«Un abbacchio. Sette chili in più, vero?». Antonino è il capitano di LBM SPORT TEAM, la mia squadra di running. Mi guarda, poi incalza: «Neanche il cronometro hai portato? Non azzardarti a chiedere quanti chilometri faremo oggi». Un rapido saluto col gomito, mi tolgo la mascherina e la ripongo nella tasca del pantaloncino. E partiamo, ognuno su un lato diverso della strada. Allenarsi durante la pandemia è anche questo.
È un sabato mattina di metà gennaio. Sono le 7. Il freddo è pungente, gli occhi ancora gonfi di sonno, ma la voglia di ricominciare tanta. Quasi un anno di stop, in mezzo timidi tentativi di ripresa, una professione nuova, un infortunio, la nascita di una figlia. E la pandemia. Giusto correre mentre Covid-19 riempie ospedali e mette in crisi l’economia? Lo scorso marzo lo ritenevo l’ultimo dei problemi.
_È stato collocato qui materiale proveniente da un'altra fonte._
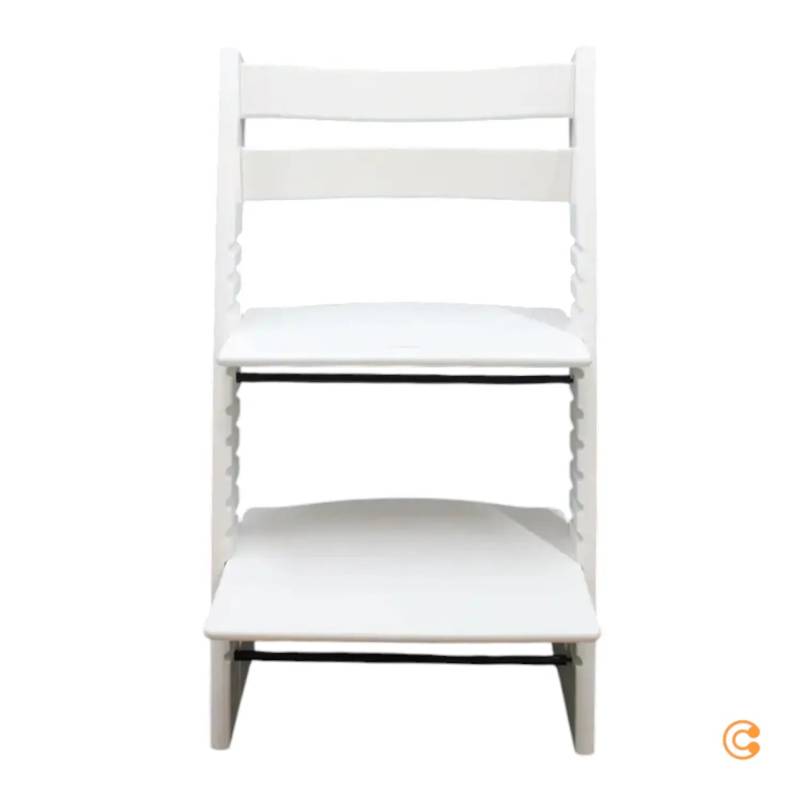 B-Ware Stokke Tripp Trapp Classic Hochstuhl Kinderstuhl Kinderhochstuhl Holz Stuhl Weiß B-Ware Stokke Tripp Trapp Classic Hochstuhl Kinderstuhl Kinderhochstuhl Holz Stuhl Weiß von STOKKE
Sbagliato scavare tra i vari Dpcm alla ricerca di un cavillo che autorizzasse il jogging, ma anche prendersela con la categoria dei runner, spesso bersaglio gratuito di rabbia e frustrazione.
In base agli ultimi provvedimenti governativi è consentito allenarsi, mantenendo però un distanziamento dalle altre persone ed evitando assembramenti. Così, senza gare della domenica o record personali da infrangere, qualcosa mi butta giù dal letto e proietta in strada, alla scoperta di Roma. Quartiere Ostiense, da tempo non mi affacciavo dal Ponte della Scienza a guardare il Tevere. Il rumore dei flutti è rassicurante, i colori magnetici. Rimarrei a fissarlo per ore, se la voce di Antonino non interrompesse i miei pensieri: «Datti una mossa».
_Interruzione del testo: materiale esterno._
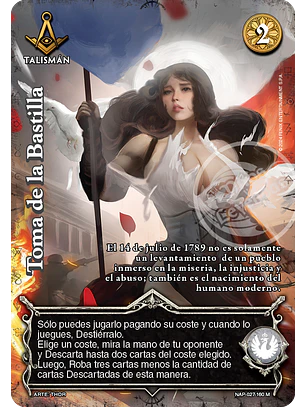 Toma de la Bastilla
È bello scoprire i lineamenti della città, gli odori e i suoni nascosti dai ritmi della routine. San Saba, Testaccio, il Palatino illuminato dal sole. Alla giusta velocità si possono cogliere particolari di un vecchio edificio, insegne di botteghe, l’ingresso di una via stretta del centro, una tipica trattoria dove invitare la fidanzata a cena. Ogni cento metri vorresti scattare una foto, andare su Google a studiare date, curiosità. È l’aspetto più coinvolgente per chi non ha l’assillo del cronometro, in un momento in cui serve star bene con sé stessi. Così capisco quanto mi sia mancato bere al nasone del Portico d’Ottavia, attraversare il Circo Massimo, sporcarmi di fango nel parco della Caffarella.
Finisco stremato, ma contento. Il dolore alle tibie sembra sparito. Antonino mi stuzzica: «Siamo solo all’inizio. Ho una proposta». Più tardi, mentre faccio stretching sotto casa, ci ripenso: 19 settembre 2021. Sarebbe bello correre la Maratona di Roma il giorno del mio compleanno. Di scuro non mi appunterei il pettorale solo per partecipare. Abbattere il muro delle 3 ore? Che bel regalo sarebbe. Ci sono tanti mesi davanti, ma dovrò organizzarmi. Serviranno un allenatore, che mi segua con costanza e freni la mia voglia di strafare, e un fisioterapista. E a tavola… Meno sgarri.
In quel momento un runner mi passa vicino. Dall’andatura sembra aver appena cominciato l’allenamento. Mi fa un gesto. Non lo conosco, ma salutarsi è una regola della strada. Esaltazione, fissazione, dicono da fuori. Passione e cultura della fatica, le chiamo io.
E allora mi convinco. Non so se a settembre il vaccino avrà migliorato le nostre vite, ma intanto voglio godermi la corsa e il sorriso di un amico. Anche se distante, per qualche ora non sarà nascosto da una mascherina.